En un blog reciente, hablaba de la arquitectura como la generación de esos espacios donde nos sentimos seguros, el lugar del contacto más directo e íntimo con las personas que queremos, donde cultivamos nuestras relaciones colectivas.
Comenzar a leer este libro llegó en un momento cósmico. Sennett menciona -como yo en aquella entrada del blog- que las relaciones espaciales de los cuerpos humanos determinan la reacción entre las personas, si están cercanas o distantes, si logran verse o escucharse. Sus ideas nos sugieren que si las ciudades son «distantes, dispersas y desconectadas» es porque las relaciones personales son así.
Privilegiamos que el espacio público sea un espacio de desplazamiento geográfico que nos permite la experiencia de la velocidad entre espacios fragmentados que nosotros mismos creamos, debilitando nuestra capacidad de experimentar sensaciones táctiles.
«El espacio se ha convertido así en un medio para el fin del movimiento puro – ahora clasificamos los espacios urbanos en función de lo fácil que sea atravesarlos o salir de ellos.

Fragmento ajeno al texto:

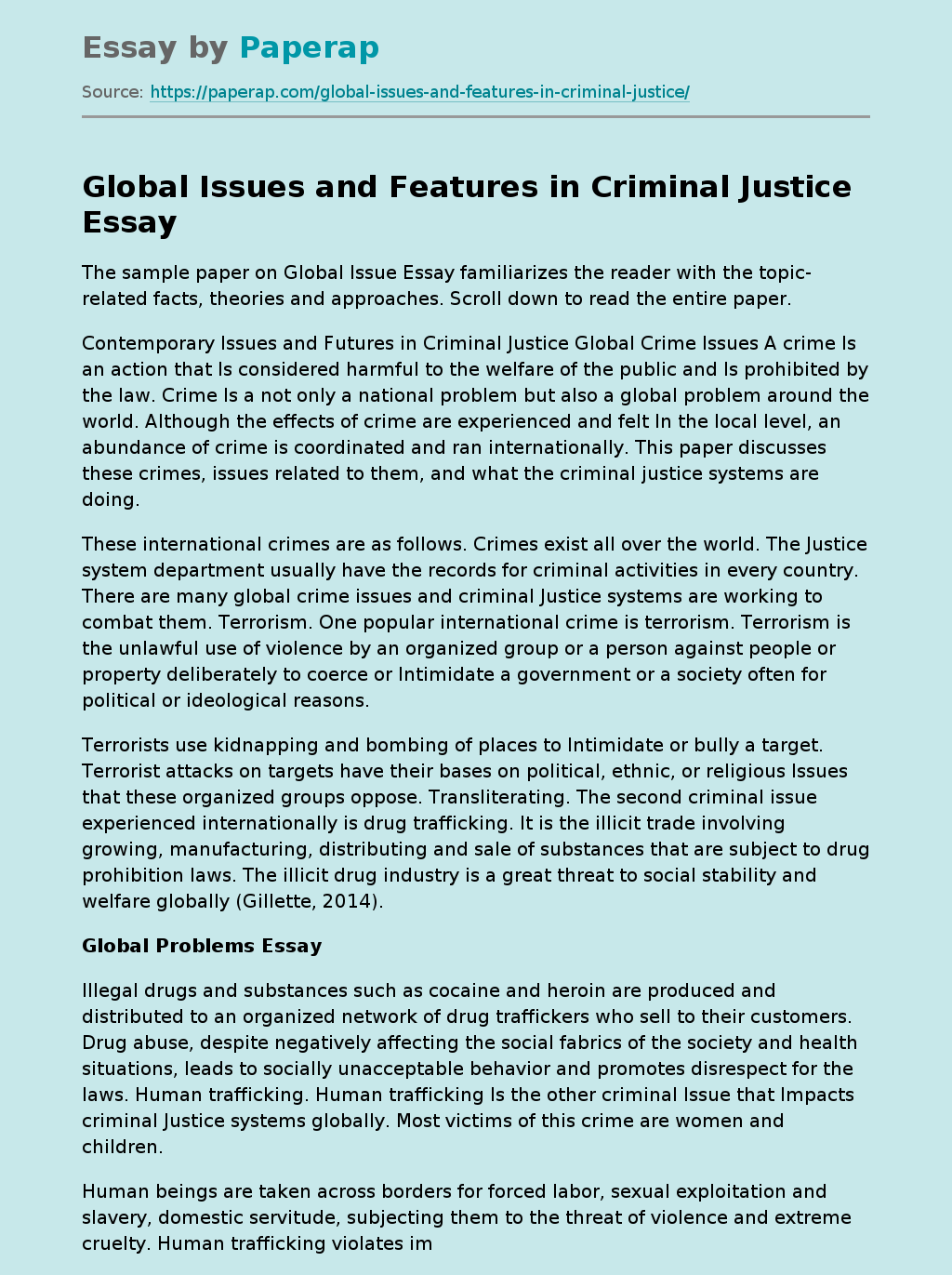 Global Issues and Features in Criminal Justice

… la condición física del cuerpo que viaja refuerza esta sensación de desconexión respecto al espacio»
La velocidad impone aislamiento, desconexión sensorial con el espacio. Nuestro objetivo al mover personas con velocidad es eliminar la mayor cantidad de distracciones, hacer que el espacio transitado no sea estimulante, disasociar al conductor de su entorno para concentrarse en los movimientos individuales que le permiten desplazarse.
Sennett sugiere que esta condición le exige a la sociedad un esfuerzo físico mínimo: movimientos pasivos y desensibilizados del espacio urbano, es decir, poca participación con la ciudad. Y es verdad, los conductores somos más huraños, más agresivos en la defensa de esa condición de disfrute espacial que decidimos no compartir.

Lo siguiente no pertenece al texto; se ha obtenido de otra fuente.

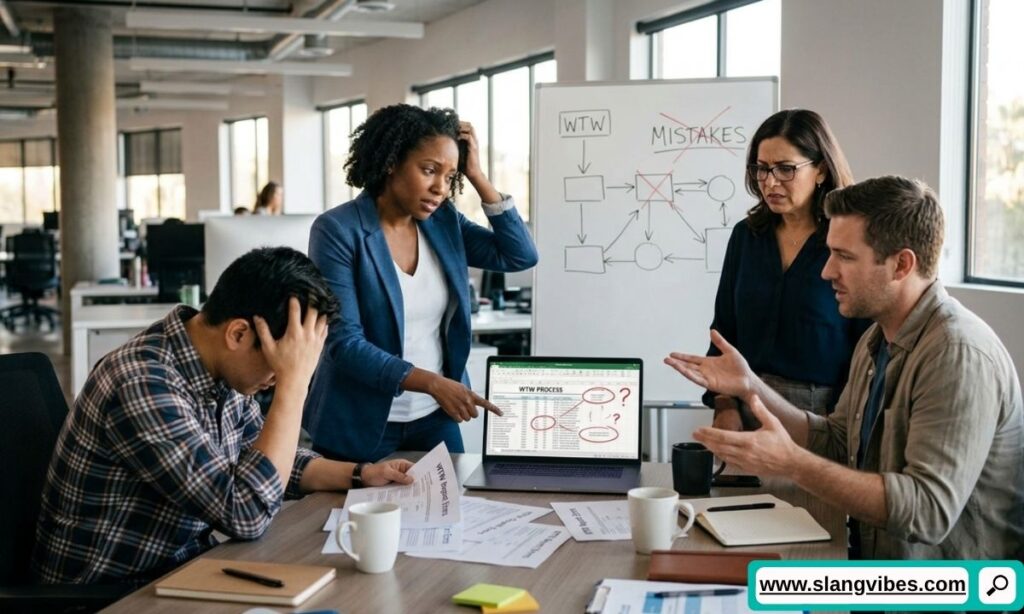 Common mistakes with WTW meaning in text, including incorrect usage examples in social media chats and messages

No sucede lo mismo cuando andamos la ciudad a pie. Los ciclistas y peatones comenzamos a tejer esas relaciones perdidas con la ciudad porque nuestra velocidad y el esfuerzo físico nos permite recuperar o generar esa relación sensorial con ella y los que nos rodean.
Para pedalear y caminar seguro, tus sentidos se alertan porque tu vida corre riesgo si te pones en una condición de disociación espacial. Por ende, aumenta en nuestro ser la necesidad de recuperar y reclamar el espacio público perdido, y así la participación en la vida pública de la ciudad.

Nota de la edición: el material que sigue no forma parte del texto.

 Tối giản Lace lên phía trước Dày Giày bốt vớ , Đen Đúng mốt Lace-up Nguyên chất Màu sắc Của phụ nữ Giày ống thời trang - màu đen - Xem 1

Hace algunos años acompañé a mi amigo Adampol en una caminata fotográfica por Insurgentes, desde Caminero a Indios Verdes, en un proyecto que denominó «Andar la ciudad» donde describía lo siguiente:
«Habitamos cajas y maquinalmente somos transportados por otras cajas; nuestra percepción del terreno permanece vedada, tan sólo una referencia geográfica, nunca el espacio real. Al andar a pie con los sentidos abiertos, rompemos ese transitar mecánico y repetitivo de las masas, nuestros sentidos comienzan a «construir» y apropiarse del espacio en la medida que avanzamos. Mirar requiere toda nuestra atención, y al enfocar esa atención, el ruido de la mente se silencia, comenzamos a mirar de verdad».
Cuando los cuerpos físicos se tocan hay una señal de conexión, de orden social, aún cuando hoy vendamos el significado de orden como la falta de contacto.
Pienso así en esta ciudad caótica y progresista, donde los grupos en defensa de la causas sociales vulnerables deciden manifestarse mostrando sus cuerpos desnudos, evidenciando una necesidad de apropiación por la ciudad a través de la liberación del contacto físico.
¿Qué tanto la mutación histórica de nuestra relación corporal entre personas ha influido en el quehacer de nuestra ciudades y viceversa?
Supongo que tendré que acabar el libro para tener una respuesta, pero estas primeras 30 páginas me han dejado una gran satisfacción al reconocer una dimensión humana que no había considerado al pensar en las políticas públicas urbanas, en la condición sensorial que debemos generar para que el actuar de lo colectivo deje de ser una defensa de lo individual.
Necesitamos aprender a sentir de nuevo, colectivamente.